Salaam Abdul Khaliq reveals a surefire road to riches for every floppo writer:
OK, here it is – and you need to sit down for this – it’s called “The Islamophobia cash cow.”
Post 9/11, the fastest and surest way to gain celebrity status in the West and garner respect and attention you would otherwise never achieve on your own mediocre merit is to go on an “Islam-bashing” campaign.
And, mind you, you don’t need to be an expert on the subject matter, just make sure to quote verses from the Qur’an out of context, cite Osama Bin Laden as the role model of Muslim behavior, bank on tired canaries like “Islam oppresses women,” and “Islam was spread by the sword,” and other washed out clichés, and voila!
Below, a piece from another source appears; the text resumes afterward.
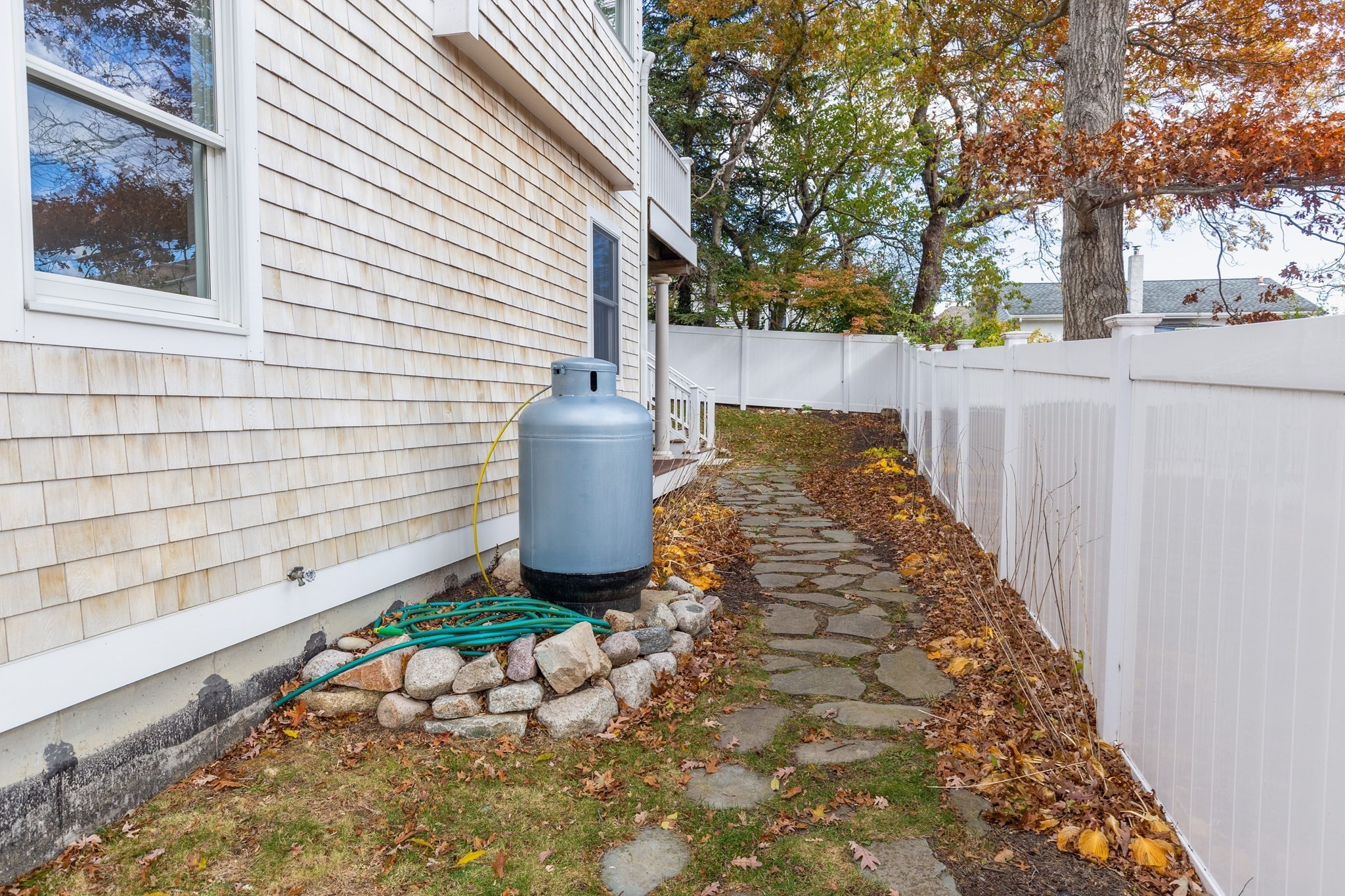 7 Windsor Dr, Plymouth, MA 02360 - Image 8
You’re a celebrity, a famous author (a rich, famous author, mind you), a Good Samaritan defending the civilized world from the evils of Islam.
The Hyacinth Girl is puzzled by those tired canaries:
Is it something like misdirection, like a magician pulling a dove out of his sleeve? And why are these canaries so tired?
I believe “tired canaries” was first used in the 1934 Warner Bros gangster movie Canary On The Lam, starring Joan Blondell. Jimmy Cagney wanders into the top nightclub Le Hot Canard and finds the Hatcheck Sisters’ rendition of “There’s Yes-Yes In My Baby’s Eyes” a wee bit underpowered, and advises Benny Goodman (in a tired cameo), “Say, your canaries sound tired tonight, boss…” But my memory may be playing tricks.
Alternatively, they may be tired like canaries in the coal mine shortly before expiring.